> _DATA BLOCK_
========================

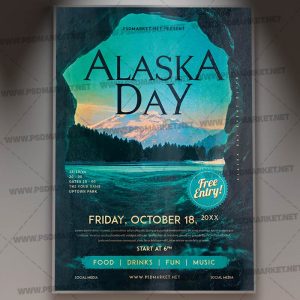 Download Alaska Day Flyer - PSD Template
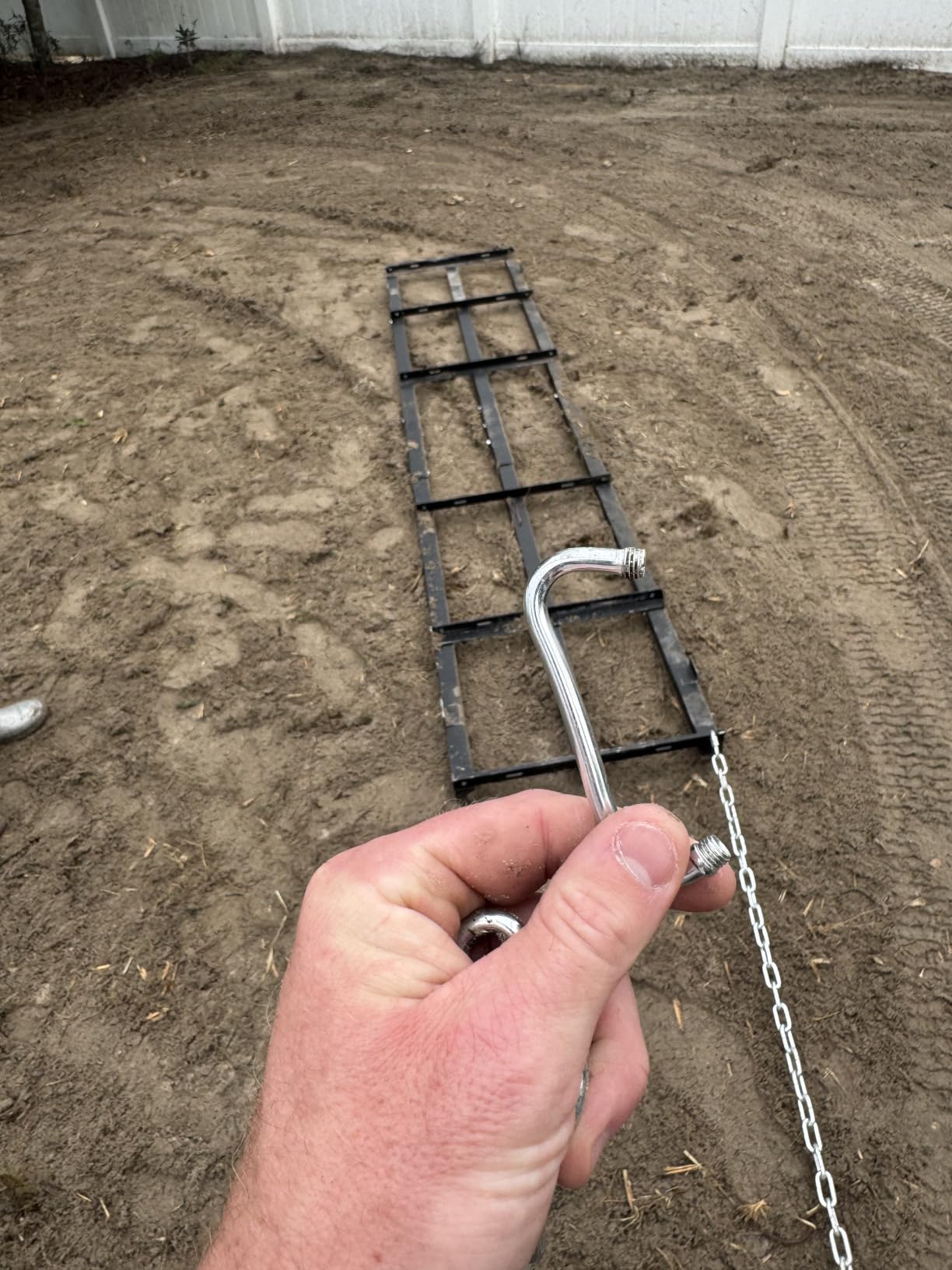 8 FT Drag Harrow Driveway Grader with 6 FT Chain | Tow Behind Lawn Rake for ATV, UTV, Tractor, Mower, Land Leveler for Gravel, Sand, Soil, Hay customer photo 2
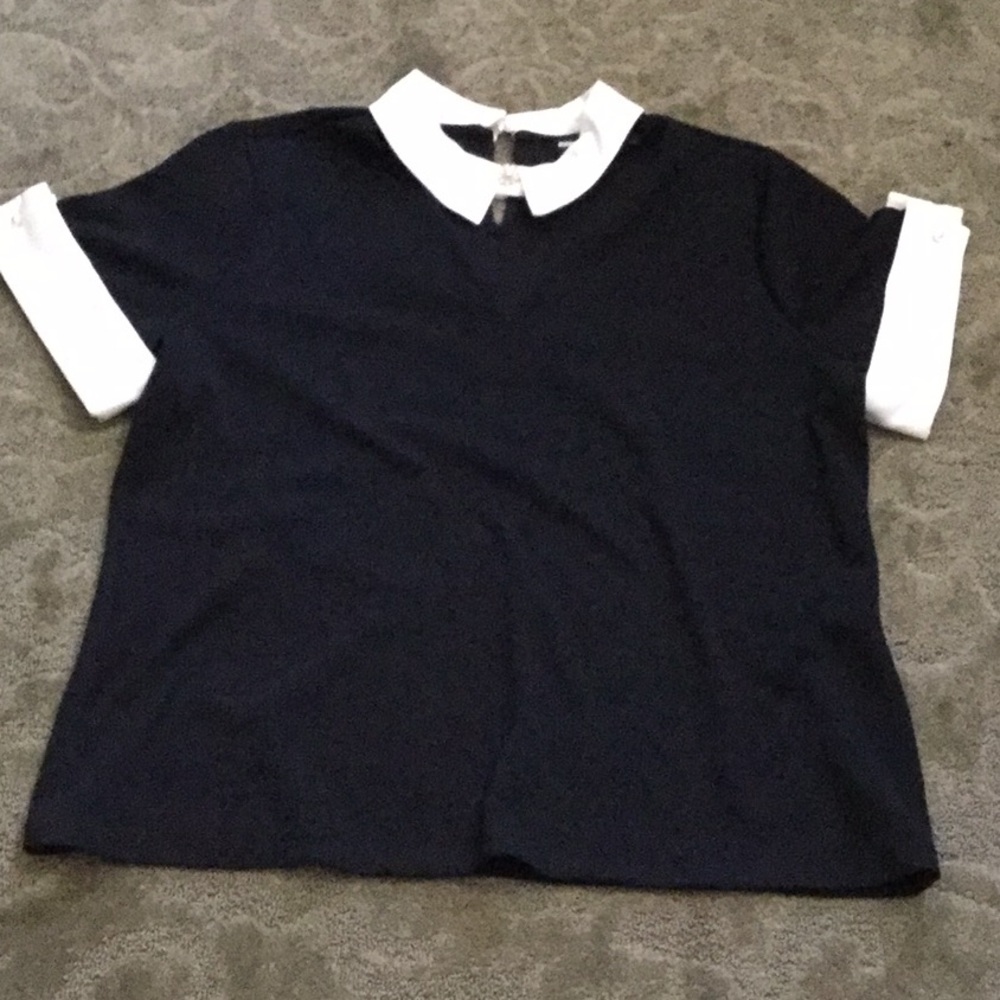 Karl Lagerfeld Black and White Blouse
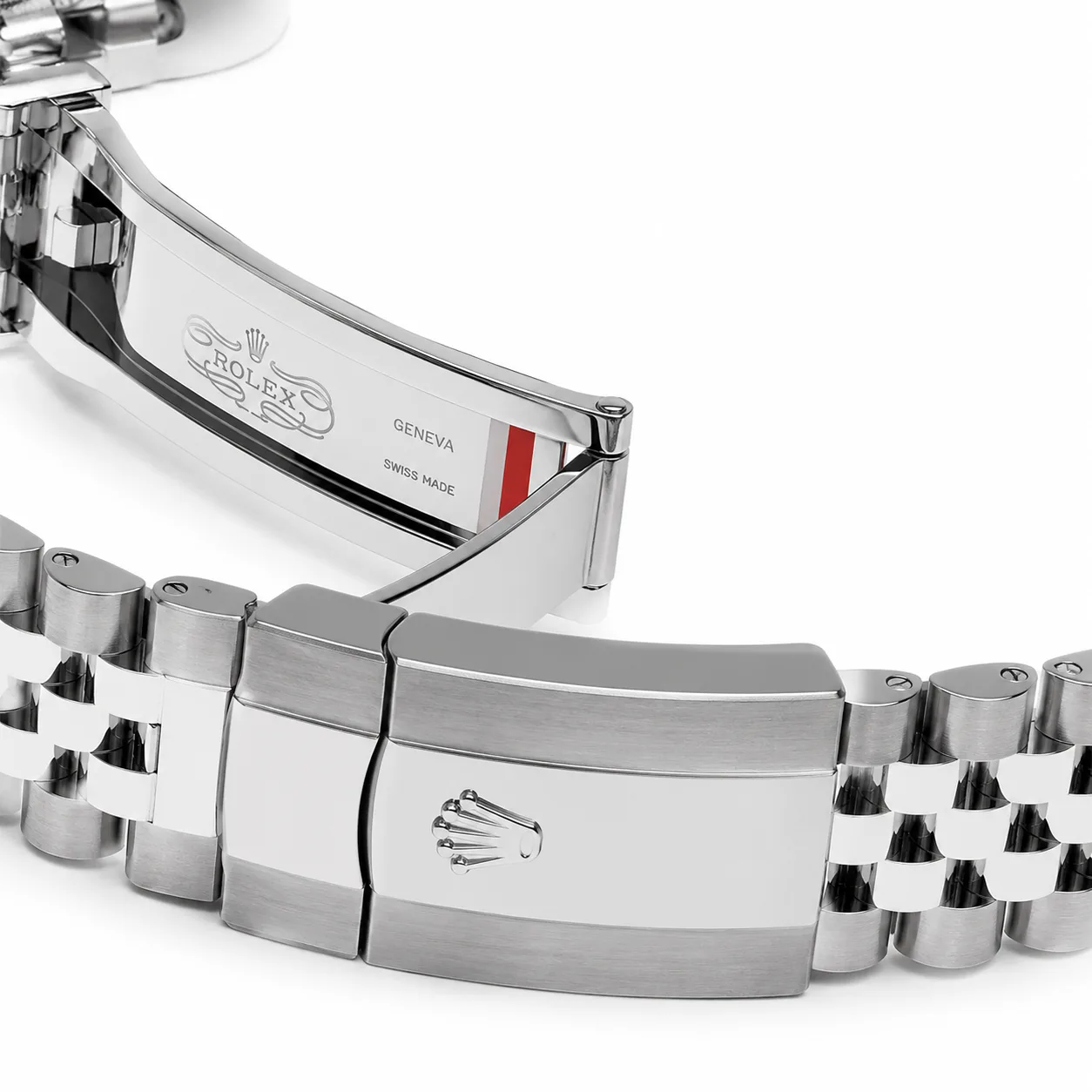 Rolex Datejust m126300-0028 41mm Cal.3235 904L Stainless Steel AI 头图 3 - 表扣表链 [ai-shot:bracelet-clasp]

========================

> _EXERCISE DESCRIPTION_
Copy the listing above in full and exactly, but omit each picture that it holds.

> _WRITTEN ANSWER_
 Download Alaska Day Flyer - PSD Template
 8 FT Drag Harrow Driveway Grader with 6 FT Chain | Tow Behind Lawn Rake for ATV, UTV, Tractor, Mower, Land Leveler for Gravel, Sand, Soil, Hay customer photo 2
 Karl Lagerfeld Black and White Blouse
 Rolex Datejust m126300-0028 41mm Cal.3235 904L Stainless Steel AI 头图 3 - 表扣表链 [ai-shot:bracelet-clasp]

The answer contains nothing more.